Fighter jets believed to be of the Mig-21 and Mig-23 variety were seen flying over the Al Jarrah air base in Aleppo Province this week, according to the Britain-based Syrian Observatory for Human Rights.
Rami Abdul Rahman, director of the Observatory, said the planes flew at a low altitude, apparently to avoid radar detection.
The Islamic State militants were being trained by Iraqi officers who served as pilots under the Saddam Hussein regime, Abdul Rahman said, the Associated Press reports.
The militants is known to have got the possession of the jets from an air base it captured in Raqqa province earlier this year.

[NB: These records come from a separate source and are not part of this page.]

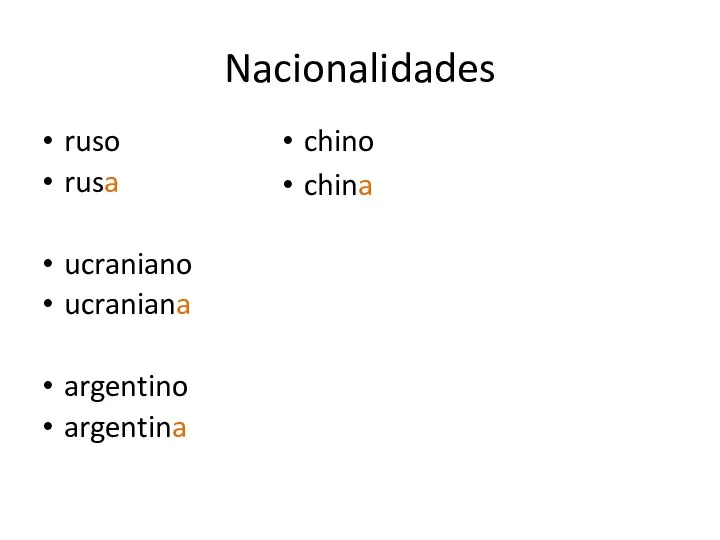 Nacionalidades ruso rusa ucraniano ucraniana argentino argentina chino china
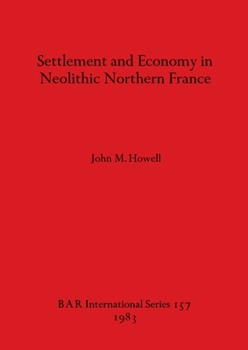 Paperback Settlement and Economy in Neolithic Northern France Book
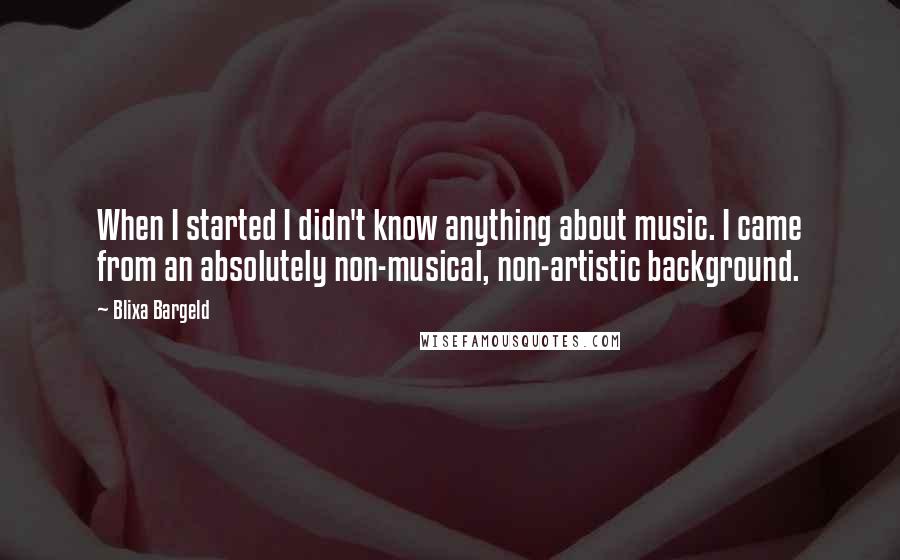 Blixa Bargeld Quotes: When I started I didn't know anything about music. I came from an absolutely non-musical, non-artistic background.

Even if the Islamic State militants learn to fly the jets, they would be exposed to Syrian and Iraqi MANPADS - man-portable-air-defense-systems - and fighter jets of the coalition forces, said former U.S. Department of Defense policymaker Richard Brennan, an Iraq expert at RAND Corperation, as reported by AP.
"The possession of these aircrafts will have a minimal military impact - however, they will provide a significant psychological boost to IS, especially if IS can find a way to periodically employ them against military or civilian targets," Brennan said.
Meanwhile, General Lloyd Austin, head of the U.S. military's Central Command, said he did not have any operational reports of Islamic State militants flying jets.
"We don't have any operational reporting of ISIL flying jets in support of ISIL activity on the ground and so I cannot confirm that. And to the degree that pilots may have defected and joined the ranks of ISIL, I don't have any information on that either," he said at a Pentagon news briefing, reports Reuters.